Из письма Рае (Миллер, в Париж — Н.Ч.).
…Очень мне интересно, как существует Кеша Пинко? Он мой старый товарищ, еще с дней юности, но мы с ним люди очень разных убеждении. Когда я уезжал из Парижа, он все меня пугал, что мне будет «очень скучно жить». Все зависит от человека, именно он сам и предопределяет свою судьбу. Я нашел свое счастье на родине, здесь моя жизнь приобрела реальный смысл, ведь ты знаешь, там я ее просидел на чемодане, как бы на вокзале в ожидании поезда. Поезда ждал долго, но, в конце концов, дождался — ты помнишь мои стихи:
Прошло у нас лет немалоПо чужим, дворам на постой.Может быть время, насталоСпешить на работу домой.
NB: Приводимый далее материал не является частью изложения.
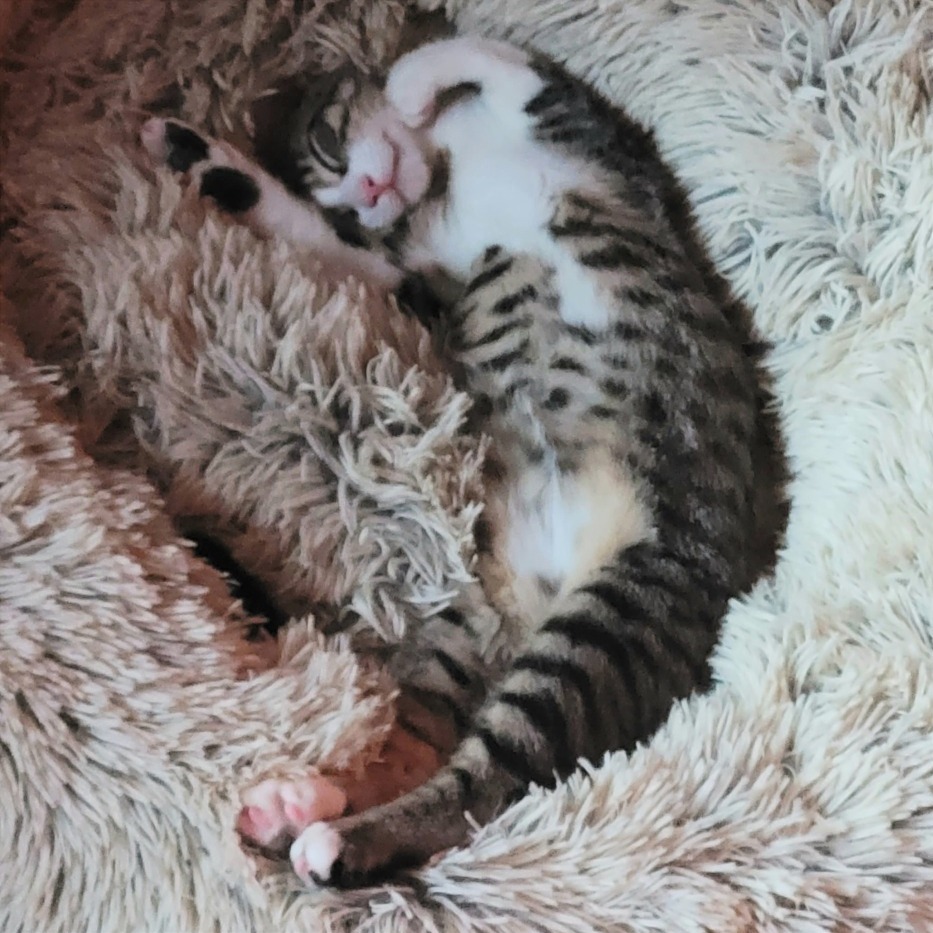 Simon, photo 3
Сожалею об одном, что возвращение произошло слишком поздно (хотя вовремя!) — на ожидание ушло слишком много-бесплодных лет! Бесплодных ли? Вспомни другое мое стихотворение:
…Зашумели гнездом осинымЕвропейские города.Дотянулись повестью длиннойПоучительные года.
Там я слишком много тратил сил, физических и моральных, для того, чтобы добывать средства к существованию, и только урывками, после бессмысленной работы, занимался Творчеством. Здесь моя жизнь — это моя работа, которую я люблю, которая мне нужна и которая, я знаю, полезна и нужна нашей науке, а следовательно, обществу. А вот Кеша Пинко предпочитает судьбу парижского таксиста. Я часто думаю о тебе, Рая, и теперь я совершенно не знаю, что тебе лучше. Ведь, в общем, все мы осколки старого мира и это большое счастье, но весьма не легкое, найти свое место в мире новом. Я его, повторяю, нашел. Нашел, потому что упорно искал. Возвращение на родину — было одержимостью. И еще, это было совершенно логическое завершение всего моего пути, моих исканий, эволюции моего сознания, (…) порой через мучительные сомнения, но развивавшейся самостоятельно, без всяких посторонних влияний, как плод жизненного опыта, наблюдений, раздумий. Путь, начатый на школьной скамье с восторженного приятия Февральской революции, и полного непонимания и отрицания революции Октябрьской. Октябрь был воспринят, как гибель и развал России, как крушение великих принципов демократии, «братского союза и свободы», как бунт черни, все это привело к Добровольческой Армии и отсюда и началось отрезвление, ибо белое движение обернулось самой черной Вандеей. Открылись глаза.